- Required work:
Repeat exactly the lines of the records below, starting at the line containing "Free photo woman's" and ending at the line containing "122 Inkberry Drive". Leave the pictures out.

- Data for review:

———

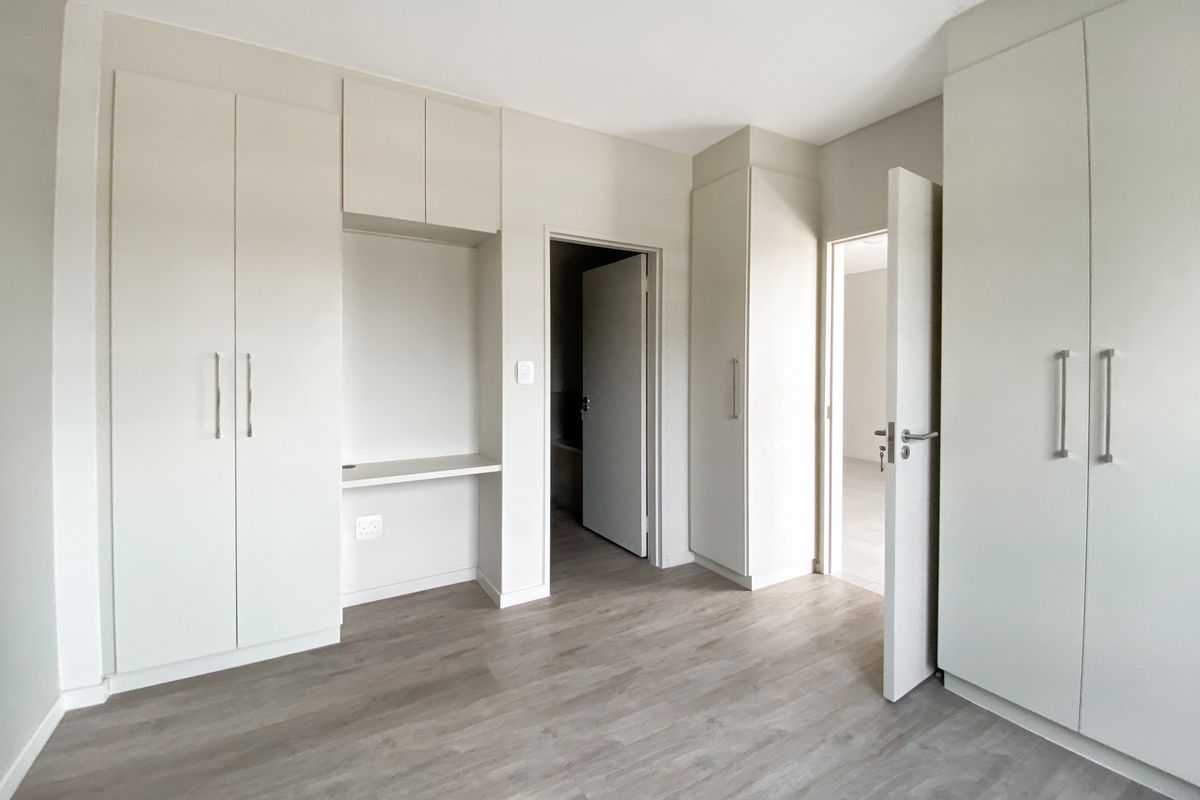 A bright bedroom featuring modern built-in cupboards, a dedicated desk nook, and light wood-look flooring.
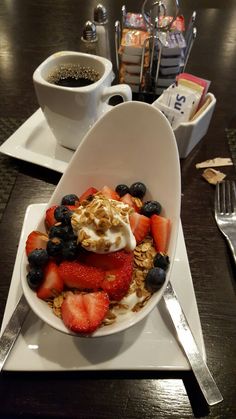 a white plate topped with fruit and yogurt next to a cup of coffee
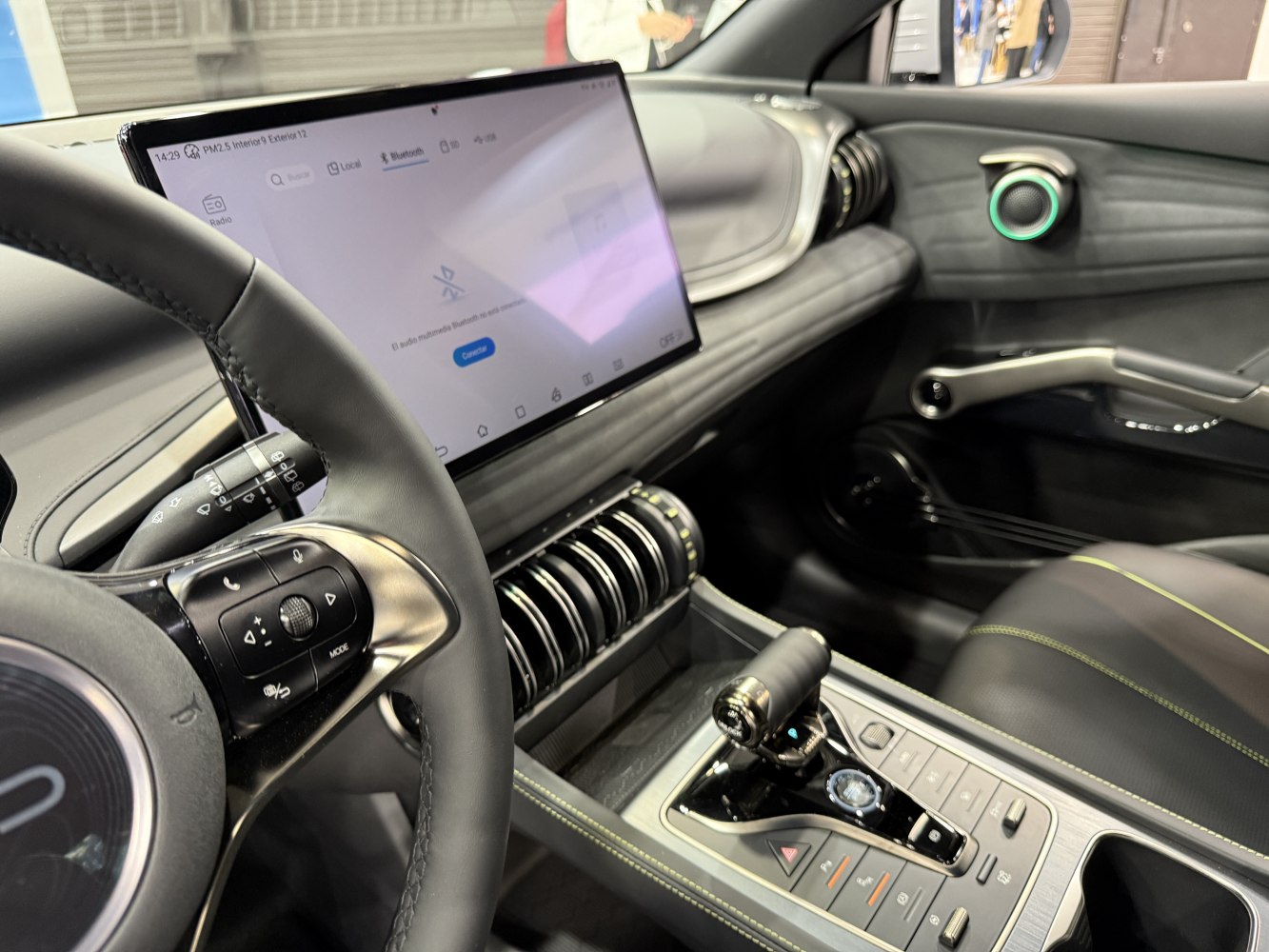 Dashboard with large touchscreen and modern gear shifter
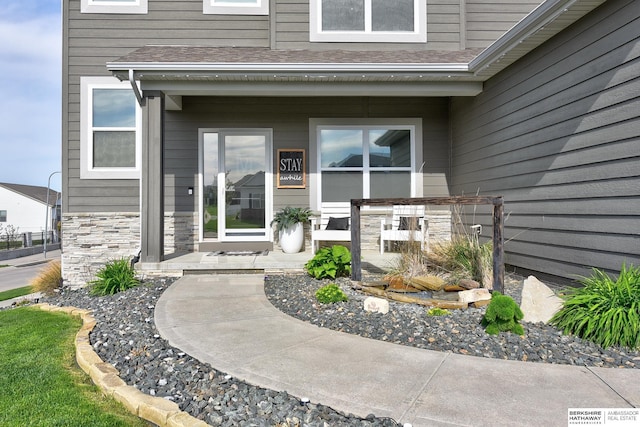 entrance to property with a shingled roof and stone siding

———

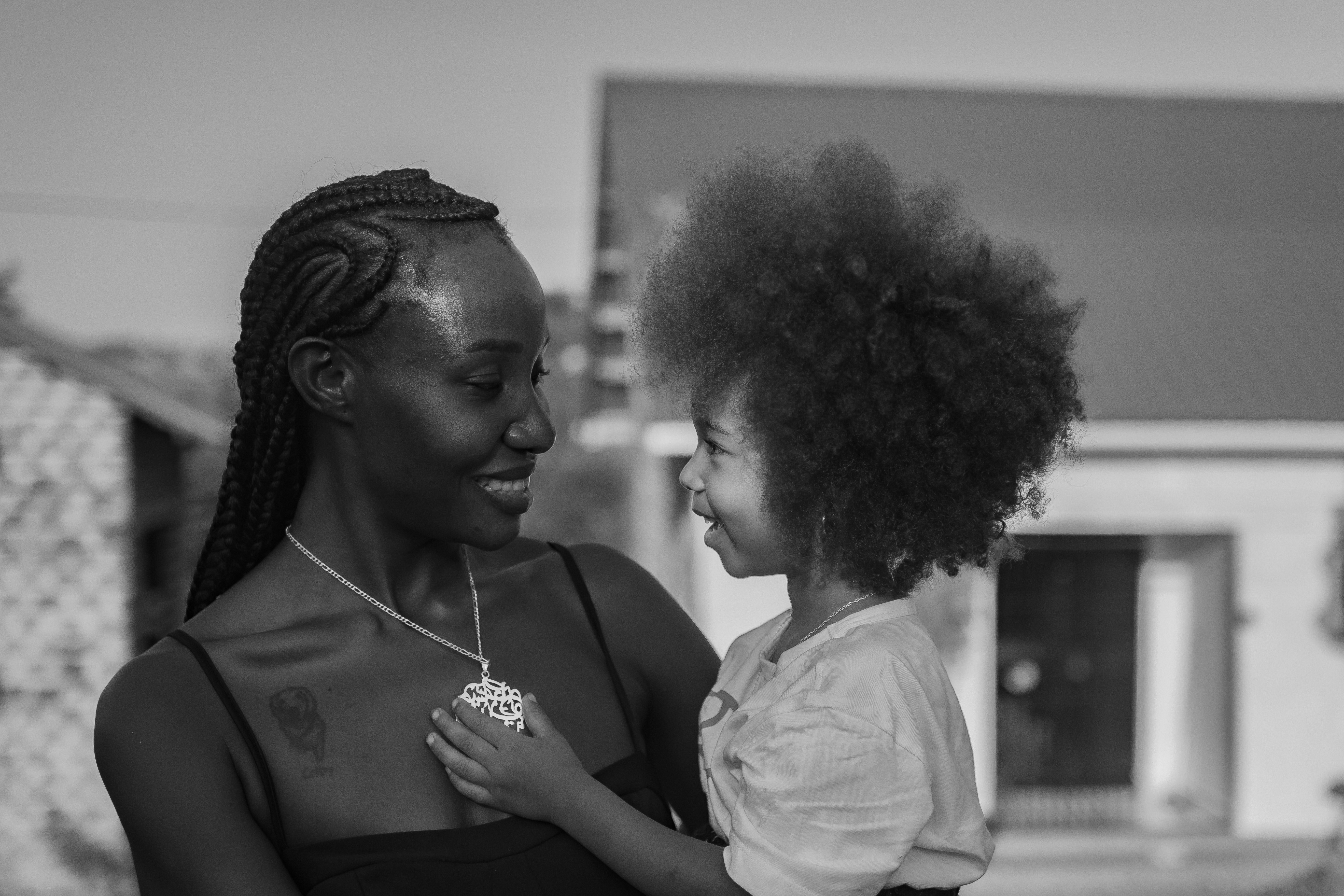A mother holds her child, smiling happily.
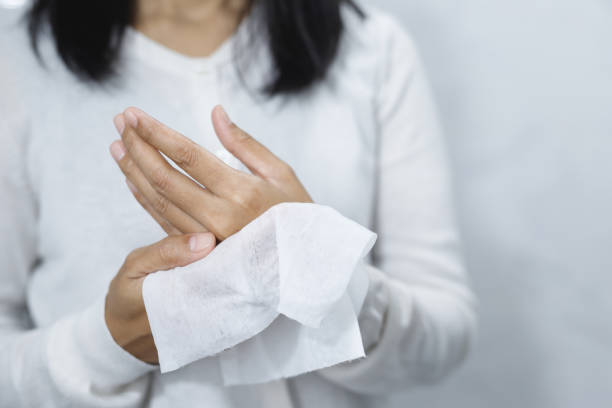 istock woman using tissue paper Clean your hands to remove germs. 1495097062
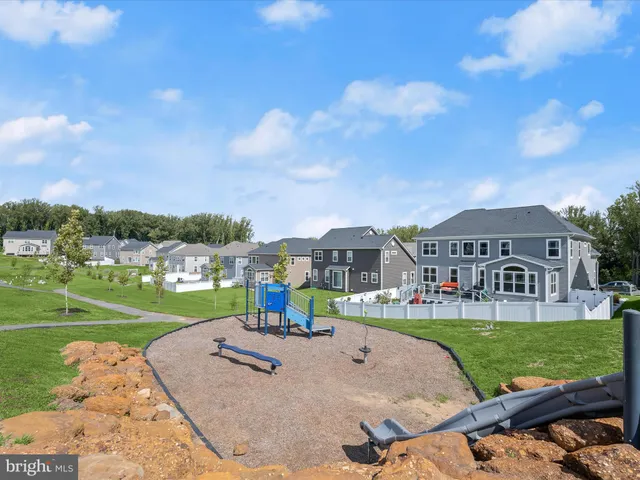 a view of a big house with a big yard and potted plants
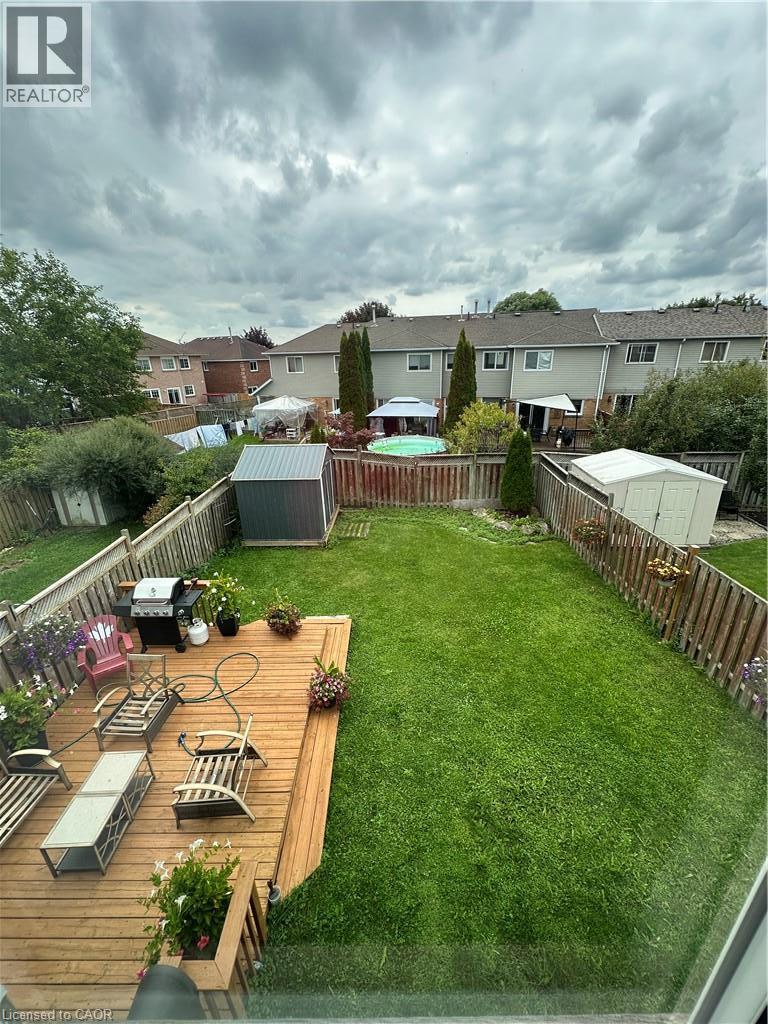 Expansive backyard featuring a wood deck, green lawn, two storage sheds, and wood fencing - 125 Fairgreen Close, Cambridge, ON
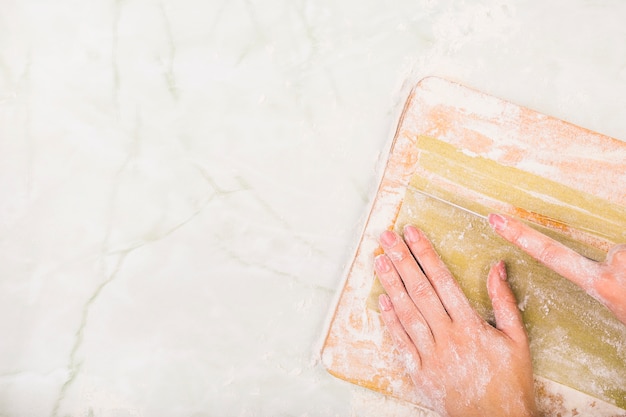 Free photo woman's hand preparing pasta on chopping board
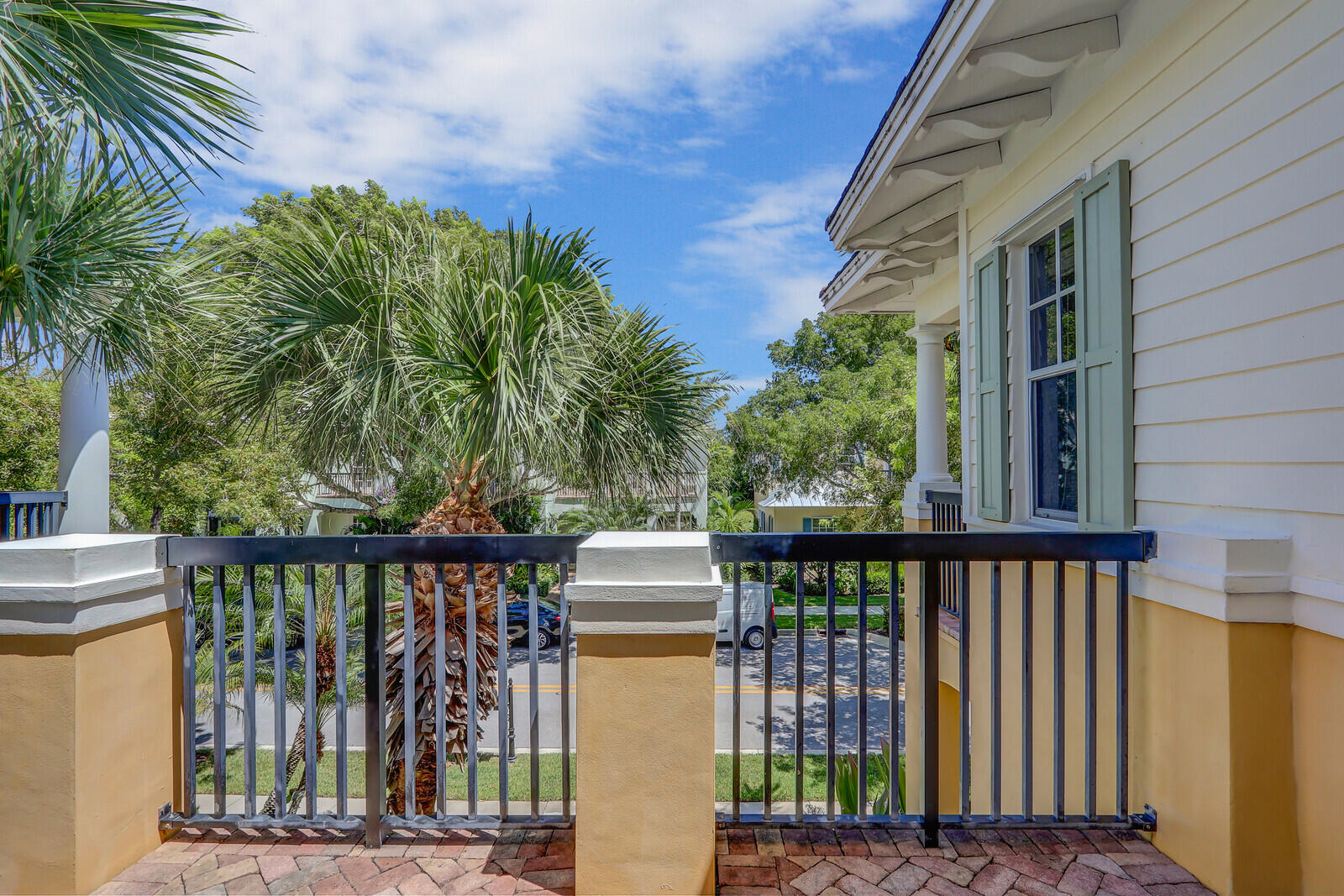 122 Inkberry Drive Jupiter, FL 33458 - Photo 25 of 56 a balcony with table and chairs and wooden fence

———

- Task output:
 Free photo woman's hand preparing pasta on chopping board
 122 Inkberry Drive Jupiter, FL 33458 - Photo 25 of 56 a balcony with table and chairs and wooden fence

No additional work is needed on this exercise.